What to do: Please copy each line of the listing below in which the word "Genesis" appears.

Data:
• • • •

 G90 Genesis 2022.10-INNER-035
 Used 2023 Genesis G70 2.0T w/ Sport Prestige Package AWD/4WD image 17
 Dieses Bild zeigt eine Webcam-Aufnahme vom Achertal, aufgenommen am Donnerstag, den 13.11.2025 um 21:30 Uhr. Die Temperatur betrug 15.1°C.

• • • •

Exercise response:
 G90 Genesis 2022.10-INNER-035
 Used 2023 Genesis G70 2.0T w/ Sport Prestige Package AWD/4WD image 17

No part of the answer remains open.